Hölscher verhindert noch Schlimmeres
Dass kleine Torhüter nicht per se schlecht sein müssen, bewies dann SCW-Torwart Hölscher nach 32 Minuten, als er einen Volleyschuss Frings aus Nahdistanz sensationell parieren konnte. Und auch der Luftloch-Fallrückzieher Boachies im Anschluss war das Eintrittsgeld schon wert. Vorbereitet wurde diese Aktion übrigens ganz fein von Vrancic, der mit seiner Übersicht und Technik immer mehr an seinen älteren Bruder Damir zu erinnern vermag.
Der BVB absolut überlegen, doch bringt das nichts, wenn der Gegner einen Top-Torjäger in seinen Reihen hat, der nur eine Gelegenheit braucht. So verwertete Robert Mainka die Vorlage Jansens eiskalt und es stand völlig unverdient 1:1 (38.). Nur kurze Zeit später jedoch der postwendende Ausgleich des schwatzgelb-Lieblings Hervenogi Unzola, der in einen Fernschuss von Vrancic den Fuß reinhielt, auch nicht im Abseits stand und sich über sein erstes Profi-Tor freuen durfte. Gute Antwort unserer Jungs! Und das sollte es noch nicht gewesen sein, denn der SCW-Halstenberg machte dem Team seines Bruders ein Geschenk.
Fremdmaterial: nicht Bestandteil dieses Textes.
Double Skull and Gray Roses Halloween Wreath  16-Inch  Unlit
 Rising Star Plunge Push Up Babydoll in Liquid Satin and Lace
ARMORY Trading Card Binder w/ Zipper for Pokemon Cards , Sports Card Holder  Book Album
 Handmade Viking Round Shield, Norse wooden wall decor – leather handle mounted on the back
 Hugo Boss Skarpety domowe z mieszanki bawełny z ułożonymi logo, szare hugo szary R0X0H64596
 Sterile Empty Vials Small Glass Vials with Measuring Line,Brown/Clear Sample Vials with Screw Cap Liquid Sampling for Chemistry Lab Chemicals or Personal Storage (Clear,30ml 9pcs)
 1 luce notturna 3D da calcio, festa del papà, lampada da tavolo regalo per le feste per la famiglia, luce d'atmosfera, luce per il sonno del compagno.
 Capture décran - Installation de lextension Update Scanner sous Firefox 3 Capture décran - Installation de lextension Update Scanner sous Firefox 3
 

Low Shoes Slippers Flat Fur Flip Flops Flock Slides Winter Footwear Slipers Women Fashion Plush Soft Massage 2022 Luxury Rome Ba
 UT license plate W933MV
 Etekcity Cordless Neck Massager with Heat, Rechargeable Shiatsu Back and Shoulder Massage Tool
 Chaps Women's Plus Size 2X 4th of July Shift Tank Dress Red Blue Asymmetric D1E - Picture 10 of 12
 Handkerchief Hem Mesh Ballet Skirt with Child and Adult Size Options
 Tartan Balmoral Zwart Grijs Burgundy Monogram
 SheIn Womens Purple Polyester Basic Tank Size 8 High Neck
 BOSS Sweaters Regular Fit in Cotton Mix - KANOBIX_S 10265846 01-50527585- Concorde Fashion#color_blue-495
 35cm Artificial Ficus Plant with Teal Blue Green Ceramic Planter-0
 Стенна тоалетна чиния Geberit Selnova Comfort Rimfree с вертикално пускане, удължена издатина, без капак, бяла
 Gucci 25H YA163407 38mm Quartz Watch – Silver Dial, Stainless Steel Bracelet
Ganz böser Stockfehler am Mittelkreis und der überragende Vrancic lief allein aufs Tor zu, behielt die Nerven und sorgte für eine Art Vorentscheidung (43.).
Die zweite Halbzeit entwickelte sich von Beginn an wie weiter gewünscht. Wieder ein Ballverlust vom SCW, schnelles Umschaltspiel mit Doppelpass zwischen Boyd und Hofmann, der beim Abschluss das nötige Glück hat und zum 4:1 einschießen kann (51.). Der anschließende Jubel am Zaun mit den UvdA stellte das Jahnstadion infolgedessen hart auf die Probe. Und beim Stockfehler-Festival ging es munter weiter in Wiedenbrück. Diesmal legte Starostzik den Ball ungewollt für Boyd auf, der jedoch am Außennetz nach tollem Spurt scheiterte (61.). Kurz darauf rettete Hölscher dreimal (!) sehr stark gegen Vrancic und Hofmann (64.). Ihm allein war es inzwischen zu verdanken, dass dieses Spiel in Wiedenbrück nicht als „Debakel-Dienstag“ in die Annalen einging.
Gasecki mit Debüt
In der Folgezeit plätscherte das längst entschiedene Spiel so etwas vor sich hin und Trainer Wagner konnte personell etwas experementieren. So brachte er erstmals in dieser Saison Oscar Gasecki. Letztes Jahr noch College-Fußball in den Vereinigten Staaten, heute in Wiedenbrück. Auf- oder Abstieg? Einen Höhepunkt boten aber noch die beiden überragenden Akteure auf unserer Seite. Vrancic mit einem herrlichen Pass in die Schnittstelle auf den im Strafraum lauernden Boyd, der mit dem rechten Außenrist ganz trocken in die Ecke (84.). Und nur nur eine Minute später erneuter Fehler vom SCW in der Vorwärtsbewegung. Hofmann über rechts, Boyd in der Mitte artistisch mit einem Volleyschuss. Jetzt wurde es ganz bitter für den Gastgeber gegen eine nun im Rausch spielende Borussia.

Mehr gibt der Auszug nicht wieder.